EXERCISE AIM: Reproduce all of the entries character for character, while leaving out any pictures they contain.

Saved entries
***
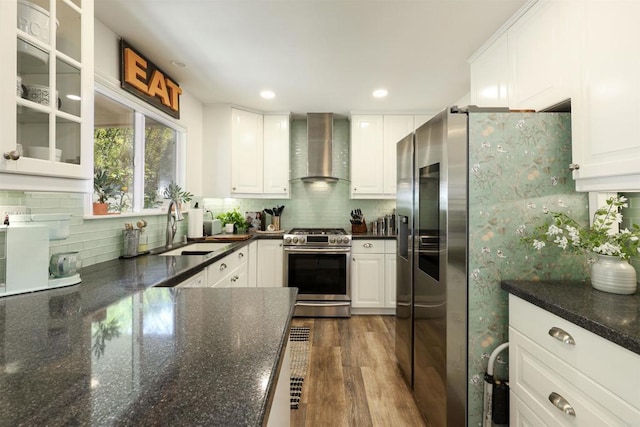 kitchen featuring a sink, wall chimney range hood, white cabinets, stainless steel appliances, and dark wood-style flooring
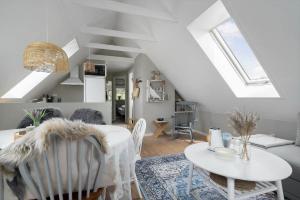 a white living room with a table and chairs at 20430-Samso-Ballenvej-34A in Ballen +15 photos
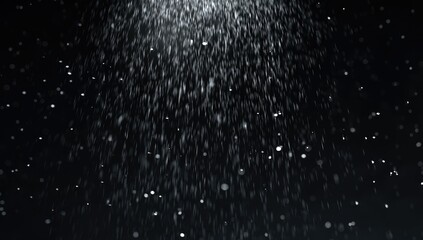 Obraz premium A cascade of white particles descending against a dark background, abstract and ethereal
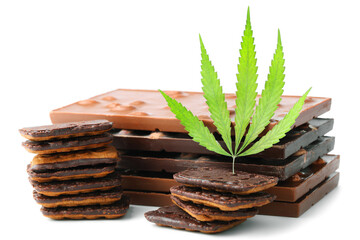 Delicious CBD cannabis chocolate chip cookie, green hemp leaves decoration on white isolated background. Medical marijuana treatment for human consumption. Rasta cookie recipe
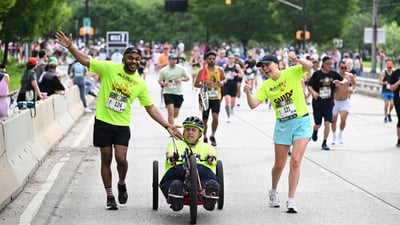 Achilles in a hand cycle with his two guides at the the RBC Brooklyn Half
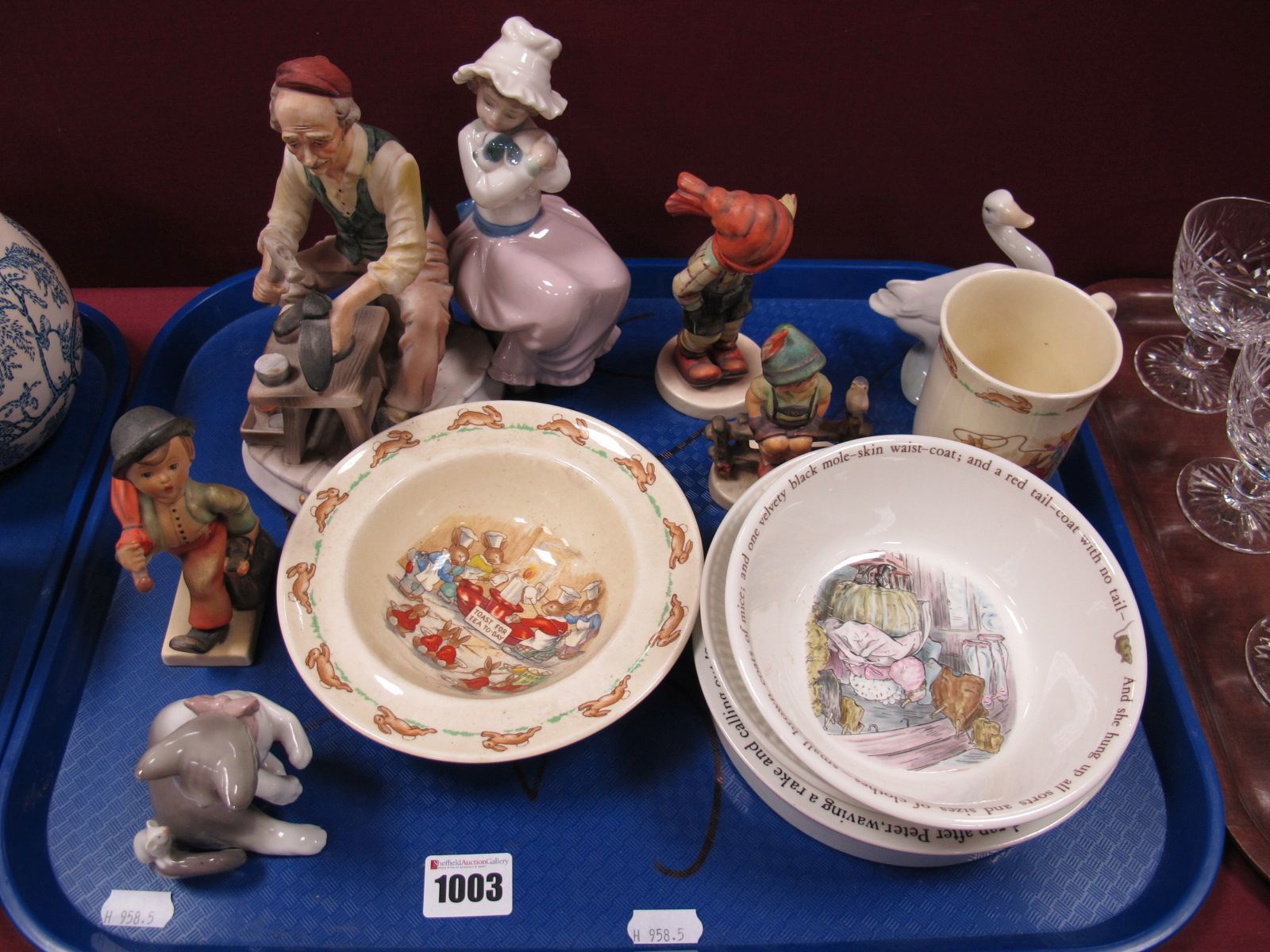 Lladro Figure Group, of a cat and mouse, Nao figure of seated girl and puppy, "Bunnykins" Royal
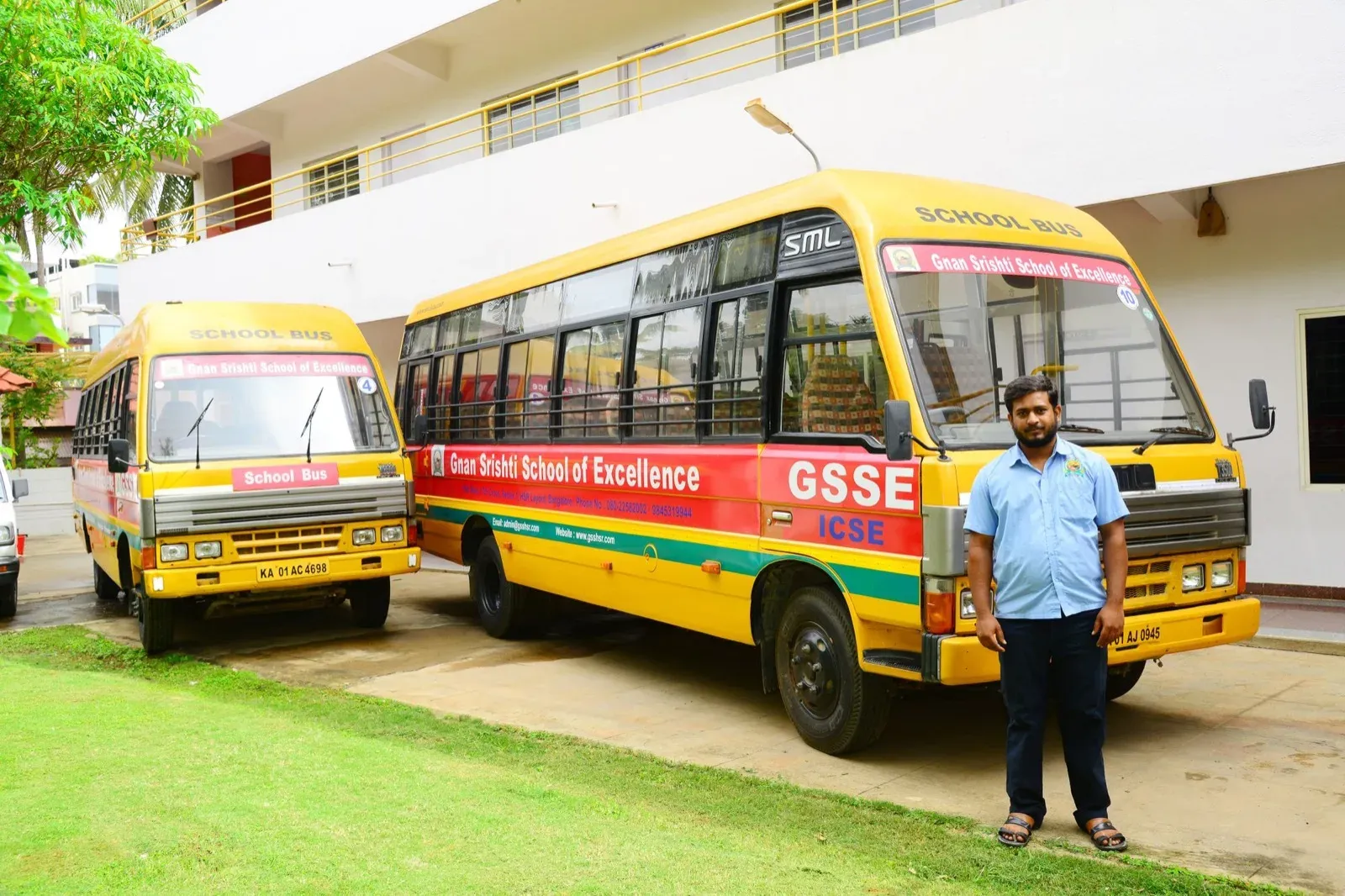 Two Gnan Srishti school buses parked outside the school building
***
EXERCISE RESULT:
 kitchen featuring a sink, wall chimney range hood, white cabinets, stainless steel appliances, and dark wood-style flooring
 a white living room with a table and chairs at 20430-Samso-Ballenvej-34A in Ballen +15 photos
 Obraz premium A cascade of white particles descending against a dark background, abstract and ethereal
 Delicious CBD cannabis chocolate chip cookie, green hemp leaves decoration on white isolated background. Medical marijuana treatment for human consumption. Rasta cookie recipe
 Achilles in a hand cycle with his two guides at the the RBC Brooklyn Half
 Lladro Figure Group, of a cat and mouse, Nao figure of seated girl and puppy, "Bunnykins" Royal
 Two Gnan Srishti school buses parked outside the school building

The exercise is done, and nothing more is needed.